Non-parametric alternative: Wilcoxon signed rank test

Written by:

Ylva B Almquist

Quick facts

Number of variables
Two (reflecting repeated measurement points)

Scales of variable(s)
Continuous or categorical (ordinal)

Introduction

It is not uncommon that at least one of the assumptions behind the paired samples t-test is violated. While you most commonly will be able to conduct the test anyway, it is important to be aware of the possible problems.

Alternatively, you can use the Wilcoxon signed rank test, which is a non-parametric paired samples t-test that relaxes some of the assumptions that were presented earlier.

The Wilcoxon signed rank test is specifically used when the variables are not sufficiently normally distributed (e.g., when you have a variables on the ordinal scale).

Note
This test is primarily suitable for samples with <= 200 observations. By default, if you then will obtain an exact p-value based on the actual randomization distribution of the test statistic. If you have more than 200 observations, you need to use the option called exact. The exact computation is only available for samples where n <= 2,000. Regardless of sample size, you always get an approximate p-value which is based on a normal approximation to the randomization distribution.

Z-distribution

The Wilcoxon signed rank tests assumes a z-distribution.

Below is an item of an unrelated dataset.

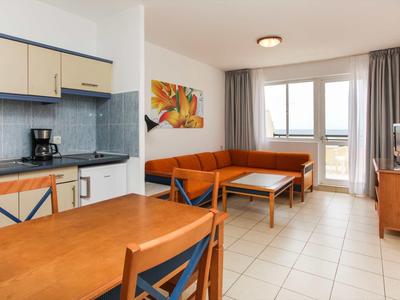 Bright living room with orange sofa, dining table, and kitchenette in a hotel room.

The z-distribution is a special form of a normal distribution, where the mean is 0 and the standard deviation is 1.

W-statistic and z-statistic

To perform the Wilcoxon signed rank test, rankings of the absolute paired differences of each observation (i.e., individual) are calculated. Here, a rank of 1 indicates the smallest difference in the score between the two measurement points. The ranks are then divided into positive and negative. The sums of these positive and negative ranks are compared and transformed into a w-statistic.

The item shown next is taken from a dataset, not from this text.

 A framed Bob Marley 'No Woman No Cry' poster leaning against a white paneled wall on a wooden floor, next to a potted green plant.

From the w-statistic, we can calculate a z-statistic.

P-value

For each z-statistic, there is a corresponding p-value. A p-value that is lower than 0.05 means that we can reject the null hypothesis (which stipulates that there is no difference between the measurement points).

Note
There is also something called “ties” that is relevant for the Wilcoxon signed rank test. It basically means that two individuals can share the same rank (because they have the same difference between the two measurement points). In this case, the calculation needs to be adjusted for ties.

Function

Basic command

signrank testvar1=testvar2

Useful options

signrank testvar1= testvar2, exact

Explanations
`testvar1`	Insert the name of the variable for the first measurement point.
`testvar2`	Insert the name of the variable for the first measurement point.
`exact`	Specifies that the exact p-value be computed in addition to the approximate p-value.

More information
help signrank

Practical example

Dataset

StataData1.dta

Variable name	unemp_42
Variable label	Days in unemployment (Age 42, Year 2012)
Value labels	N/A

Variable name	unemp_43
Variable label	Days in unemployment (Age 43, Year 2013)
Value labels	N/A

Note
Since the variables are extremely skewed (due to a lot of zeros), we are restricting the analysis to those who did not have the value 0 at age 42. Hence, the part stating “if unemp_42!=0” in the command below.

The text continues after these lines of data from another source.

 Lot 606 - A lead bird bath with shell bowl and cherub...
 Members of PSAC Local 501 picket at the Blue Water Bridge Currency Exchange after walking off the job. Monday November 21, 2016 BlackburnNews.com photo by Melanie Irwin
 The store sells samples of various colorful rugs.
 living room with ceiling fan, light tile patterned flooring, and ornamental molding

signrank unemp_42=unemp_43 if unemp_42!=0, exact

The z-statistic in this example is 23.991, with an approximate p-value (Prob > |z|) of 0.0000, and an exact p-value (Exact Prob) of 0.0000. Since the latter p-value is below 0.05, this allows us to reject the null hypothesis (which postulates that there is no difference in the distribution between the two measurement points), thus confirming what we also saw for the paired samples t-test.

Note
We tend to recommend a pragmatic approach to the choice between parametric and non-parametric t-tests. If you experience a violation against the parametric t-test (i.e., the paired samples t-test), we strongly encourage you to perform the non-parametric t-test (i.e., the Wilcoxon signed rank test) as a sensitivity analysis. If the latter leads the same conclusion, it is preferable to use the former since it is allows for further specifications. However, you might still exercise a bit of caution when it comes to reporting the exact mean differences.